A Invisibilidade Racial: Algumas referências negras na construção do conhecimento em saúde mental

Um dos aspectos do hegemônico processo de colonização que atingiu as Américas foi a construção de inúmeras referências cientificas que consequentemente salvaguardaram a centralidade epistemológica de europeus e norte-americanos.

Suas produções científicas difundidas mundialmente são marcadas pela consolidação do referencial que propõem.

Em contrapartida, as produções dos países latino-americanos, africanos e mesmo de alguns asiáticos aparecem em pouca quantidade e sem expressiva difusão.

Entretanto, compreendemos que as produções cientificas advinda destas regiões, marcadamente intituladas como periféricas, podem trazer potentes e inovadoras contribuições.

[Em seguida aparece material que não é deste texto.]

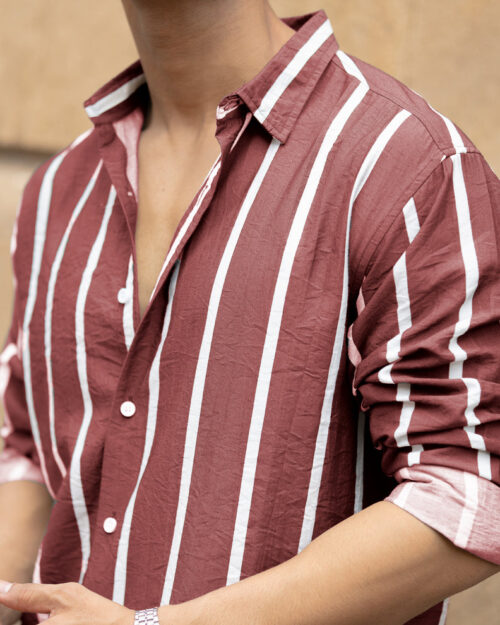 brick red printed stripe shirt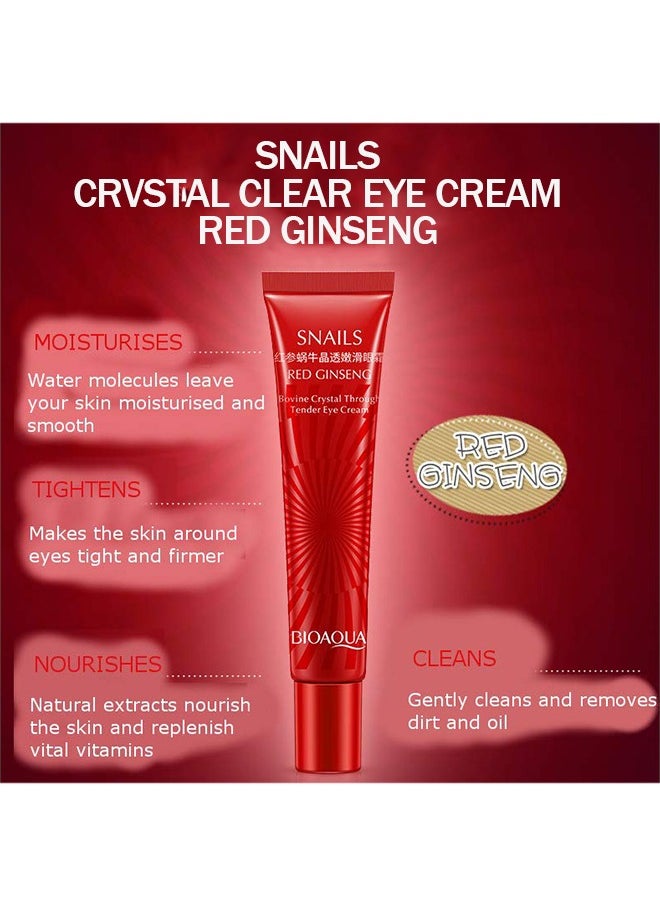 Red Ginseng Snails Eye Cream, Snails Bovine Crystal Through Tender Soft Skin Hydrating and Moisturising Effect Care for Skin Blooming Eyes Tight Firmer Gently Cleans Removes Dirt Oil 20g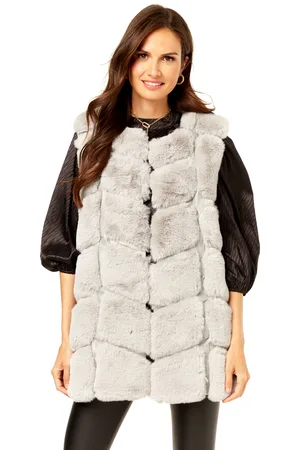 Gini London Box-cut giletjack van imitatiebont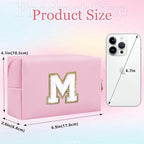 Small Personalized Letter Makeup Bag, Cute PU Leather Chenille Letters Cosmetic Bag Travel Makeup Pouch, Preppy Travel Organizer Zipper Pouch for Women&Girls（Pink-M）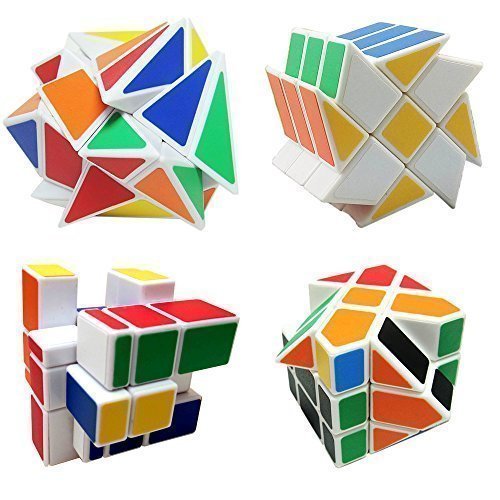4-Pack YJ Cube Set - Included 3x3 YJ Fluctuation Angle Puzzle Cube - 2x3 YJ Wheel Puzzle Cube - 3x3 YJ Mirror Puzzle Cube 6 Color - 3x3 YJ Square King Puzzle Cube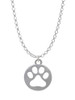 Circle with Cut Out Paw Charm Necklace
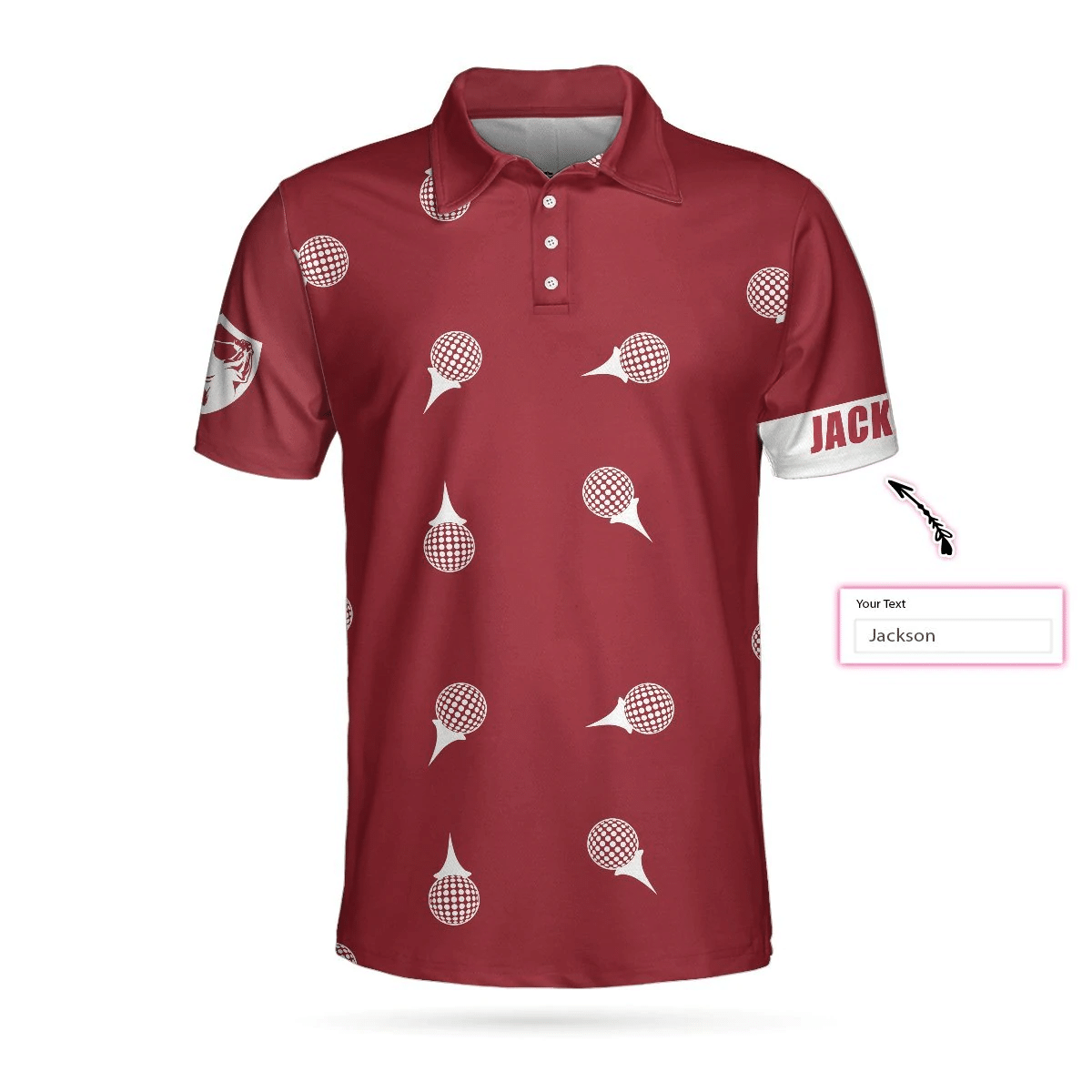 Personalized Red and White Golf Custom Polo Shirt Golf Tee Pattern Polo Shirt Cool Golf Shirts Short Sleeve Polo For Men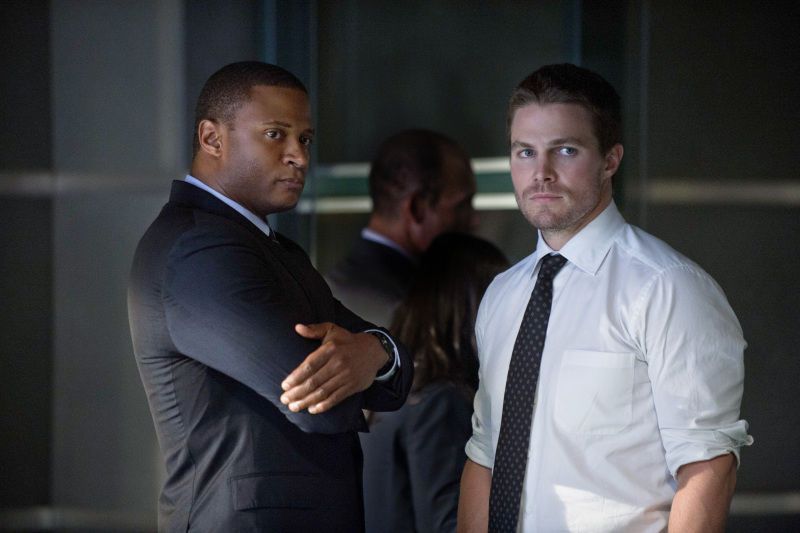 'Arrow' City of Heroes premiere stills - Oliver and Diggle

Sendo assim, constatamos como consequência dessa circunstância o reduzido número de pensadores e pensadoras negras, latinas, indígenas que, entre outras coisas, deveriam constituir o universo do protagonismo científico e de produção de conhecimento.

Por conseguinte, os ideais e os movimentos libertários se forjaram como um caminho para discussão de novas fontes epistemológicas que se encontravam embaçadas pelo preconceito e domínio euro-americano.

Diante desse cenário, nos propusemos identificar novas possibilidades de fazer pesquisa e de valorizar práticas de cuidado tornando-as também referências de conhecimento.

Acreditamos que tal postura concorre à valorização do rigor ético proporcionando novos modos de atuar tomando por base o conhecimento de personalidades que muito contribuíram com seus pensamentos.

Enfim, a adoção desta escolha teórico-metodológica tem por objetivo fomentar nos leitores o conhecimento de personalidades negras que podem servir de inspiração na construção de saberes no campo da saúde mental, assim como, servir de estímulo a construções de mais ações afirmativas na superação do racismo e da invisibilidade atribuída a esse grupo social.

Virgínia Leone Bicudo (Brasil)

Nascida em SP, (São Paulo, 1915 – 2003) foi uma socióloga e psicanalista brasileira, a primeira não médica a ser reconhecida como psicanalista, tornando-se essencial para construção e institucionalização da psicanálise no Brasil.

No campo da Sociologia, foi pioneira ao tratar do estudo das relações raciais como tema de sua dissertação de mestrado em 1945.Virgínia Bicudo foi a primeira psicanalista sem formação médica no Brasil. Em 1962, foi eleita presidente da segunda diretoria do Instituto de Psicanálise, função que desempenharia até 1975.

Virgínia Bicudo trabalhou de diversas maneiras para a difusão da Psicanálise no Brasil. Redigiu colunas na imprensa, defendendo suas ideias sobre a função social do psicanalista e participou da fundação da Sociedade de Psicanálise de Brasília.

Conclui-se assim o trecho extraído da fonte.